The then PNC government feared that foreign television would encourage patterns of consumption and personal accumulation of wealth that would not be in keeping with the socialist drive.
But while television can transmit western values, including false values such as the superiority of that part of the world, there has always been a more invidious threat to which scant attention has been paid by the authorities. That threat is the attitude of some foreign investors, an attitude that is far more disturbing that the effects of foreign television.
Foreign investors bring more than just their money to Guyana. They also bring their attitudes, their ideas about what Guyanese are and what we deserve. For some, Guyana is a country of great potential but needs to be more open to their foreign dollars. Others take this view to another extremity.
They feel that without their dollars and enterprise, Guyana would go nowhere; that without foreign investors Guyana would remain a poor place. Still many others feel that the government needs to do more to attract foreign investors. Then there are those who come here and feel that they are superior to us. They come with an attitude that says that they are better and they look down upon Guyanese. They do not mix with our people. They fraternise only with their own and some of them even try to make their compatriots feel that Guyanese are bad people and they have to be careful. They warn them against mingling with locals; they poison their minds about Guyanese.
All of these point to a particular mindset that disrespects Guyanese. Persons of this mindset should not be welcome to Guyana. The authorities have to insist that all who come to these shores to do business or to work respect the culture of our people. If they do not, then regardless of how much money they have or how great are their investments in Guyana, they should not be allowed to operate in our country.
Guyana is not a backward country. Guyana is not an uncivilised place. It never was. Therefore those who come here must not just respect our laws but must respect our people. If they cannot do this, if they are found disrespecting the laws of Guyana, then they should be asked to leave along with their investments. It is simple as that. We cannot have persons coming to this country and behave as if they are better than us. They are free to believe they are but any attempt at manifesting this superiority smacks of discrimination and should not be tolerated.

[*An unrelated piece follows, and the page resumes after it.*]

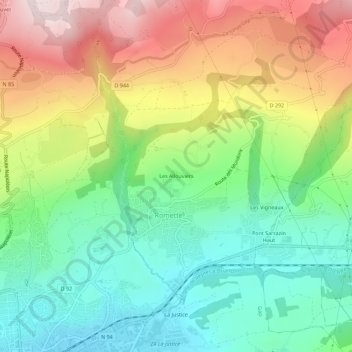 Topografische kaart Les Allouviers, hoogte, reliëf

We cannot have also persons coming to this country and seeking to poison the minds of their compatriots that Guyanese are bad people who should be kept at a distance. Such an attitude treats Guyanese with contempt and treats our country as a colonial-style plantation fit only for exploitation. We should not allow that. Fortunately, the vast majority of foreign investors do not exhibit such tendencies. The vast majority of foreigners show respect for our culture and our people. They have local friends, attend local cocktails and get along well with others. They should be welcomed and encouraged.
The danger however lies in those who have no respect for Guyanese, who see this country as their plantation and playground, a place whose only worth to them is judged by the money they make, the exploitation they invoke and the number of our women they can seduce. This small minority is contemptuous of our people and it is high time that the authorities pay keen attention to the actions of such persons. The authorities must make it clear to these persons that while in our country, they cannot behave as if we are a closed society. We are not. Guyana is a free country and while the policy of the government is to attract foreign investment, these foreign investors have to respect the culture of our people.
They cannot be allowed to do as they please. Their investment dollars does not give them that right. The most invidious forms of exploitation begin with a mindset that has contempt for our people and this is why the government needs to not wait until complaints arise before they act. They need to make it clear that no foreigner will be allowed to disrespect Guyanese. Not for all the money in the world.
(The views expressed in this article are those of the author and do not necessarily reflect the opinions and beliefs of this newspaper and its affiliates.)